A majority of groups and organizations couldn't function without meetings. Interacting face to face with other people is the best way to communicate when what YOU say depends on what OTHER PEOPLE say. You can react immediately to others' ideas; you can come up with new alternatives and problem solutions; you can discuss the repercussions of actions a group or organization is considering—all of which you can't do sitting alone at your desk. Of course, there's electronic mail at your desk, which eases the process of communication, but email lacks the visual and vocal elements of communication necessary for perception of meaning.
A group meeting together becomes more than the sum of its parts. Groups are comprised of people with knowledge and experiences that vary—they bring different resources to discussions. Especially in today's culture, problems extend beyond the boundaries of set disciplines or knowledge bases, so it is becoming increasingly important that people with varying backgrounds and viewpoints be brought together to discuss and decide.

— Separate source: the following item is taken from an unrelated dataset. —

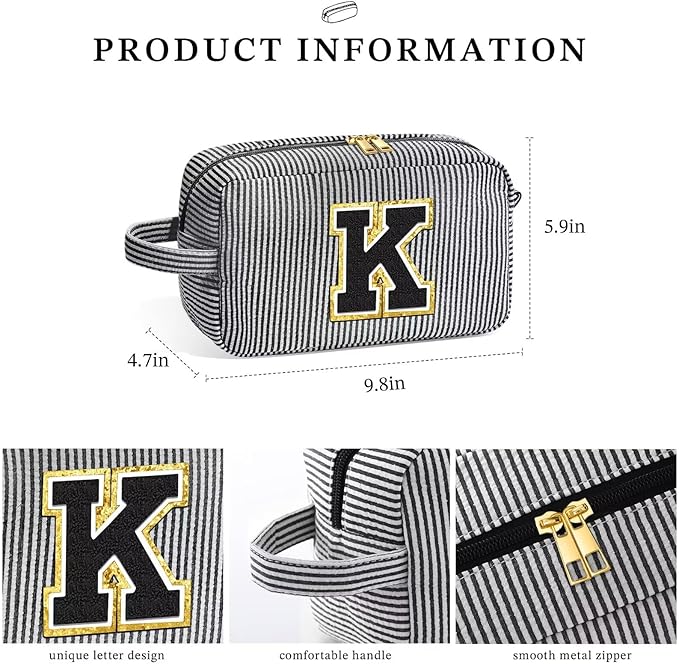 YOOLIFE Gifts for Grandma - Personalized Birthday Gifts for Grandma, Initial Makeup Bag, Monogram Make Up Bag for Women N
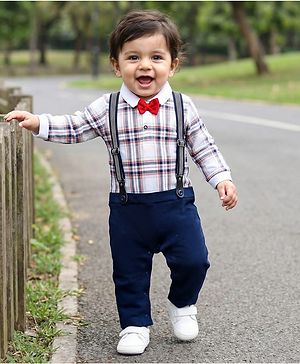 Babyhug Interlock Knit Full Sleeves Checks Party Romper With Bow Applique & Suspender - Navy Blue & White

An additional impetus for having meetings is that of implementing decisions. When people have the chance to present "their side" of an issue and when they can participate in making decisions on the issue, they are far more ready to implement a group decision, even though the decision may not be what they originally wanted. Sharing information, creating alternatives, and considering the potential aftermath of decisions are powerful ways to change people's minds and motivate them to change behavior. Learning to lead this process is essential for managers.

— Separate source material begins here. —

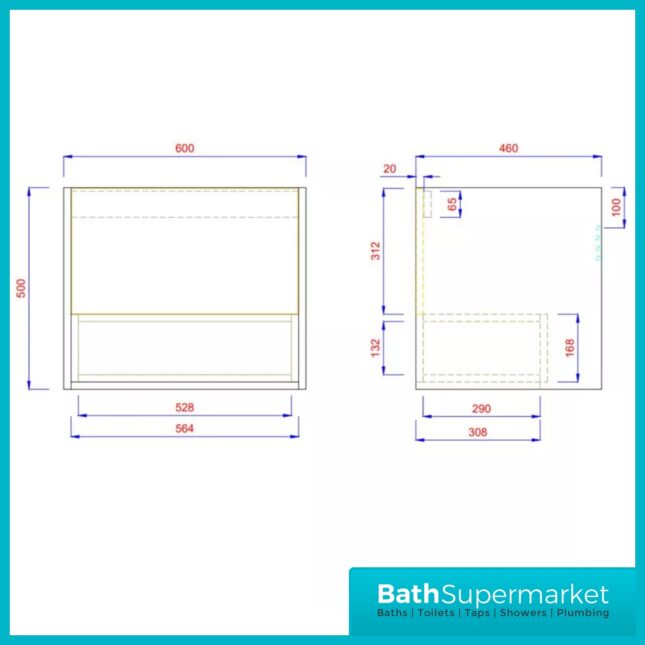 Loughermore Matt Pistachio Wall Hung Open Shelf Vanity Basin Unit 600mm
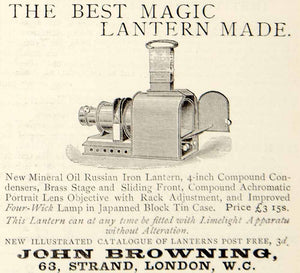 1885 Ad John Browning Magic Lantern Projector Victorian Laterna Magica YNM4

Part of the need for meetings concerns psychological needs of people. We need to feel we are part of an organization or a member of a team. We also need a sense of togetherness, belonging, and trust, we need help with responsibilities, and we need a renewed sense of commitment to our work groups and the organization. Meetings foster these needs. They are intensive ways of involving others in solving problems and making decisions. When people meet together for long periods of time or deal intensively for shorter periods, they often feel a sense of comradery with other group members. The time spent sharing experiences, stating personal views, and cooperating with others to find the best solution for all concerned creates a feeling of connectedness, a sense of community. Groups of people meeting together are potentially powerful. Leading efficient and effective meetings is important for managers!